For one of my workloads RTX 2070 is around 5-10% slower than 1080 Ti and around 50% slower than V100. In terms of price per value, I think it is the best Deep Learning GPU right now in the market.

Thanks @sgugger for the fp16 enhancement, I am able to train much larger models now(previously I could not train on 512x512 image because I could fit in only a batch size of 8, now I can train that dataset with a batch size of 56). There was a batch norm bug(most likely in pytorch) which prevented me from using it last week, but in the new PyTorch 1.0 release the bug seems to have been cleared and I can clearly see the value of this feature.

mElabasiri · December 23, 2018, 10:21am

I am using fast.ai and Pytorch 1.0 and its working fine on my GTX 980ti.

balnazzar · February 3, 2019, 1:22pm

@cpbotha, would you share your apex integration with pytorch/fastai?

Apart from that, I’m trying to get mixed precision training working on a tesla V100 (cuda 10, drivers 415, fastai 1.0.42). No success my losses are always NaN since the very first epoch.

Thanks.

cpbotha · February 4, 2019, 7:47am

Your request motivated me to quickly write up the procedure (it was on my todo list, just hadn’t gotten around to it). Read here Improving fastai's mixed precision support with NVIDIA's Automatic Mixed Precision. - vxlabs and let me know if you find any issues. (note the epsilon fix!)

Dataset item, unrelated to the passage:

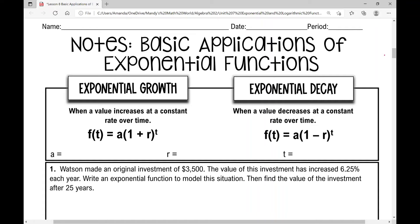We're going to look at some basic applications of exponential functions today, working with problems that involve exponential growth and exponential decay. In problems that involve exponential growth, that occurs when a value increases at a constant rate. In today's problems, you're going to see percents as your rate of change, and we're going to use this equation to solve problems involving exponential growth.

balnazzar · February 5, 2019, 7:03am

Thanks Charl! But which nvcc version did you use? I get the following error while trying to compile apex:

/usr/local/cuda/include/crt/host_config.h:119:2: error: #error -- unsupported GNU version! gcc versions later than 6 are not supported!
 #error -- unsupported GNU version! gcc versions later than 6 are not supported!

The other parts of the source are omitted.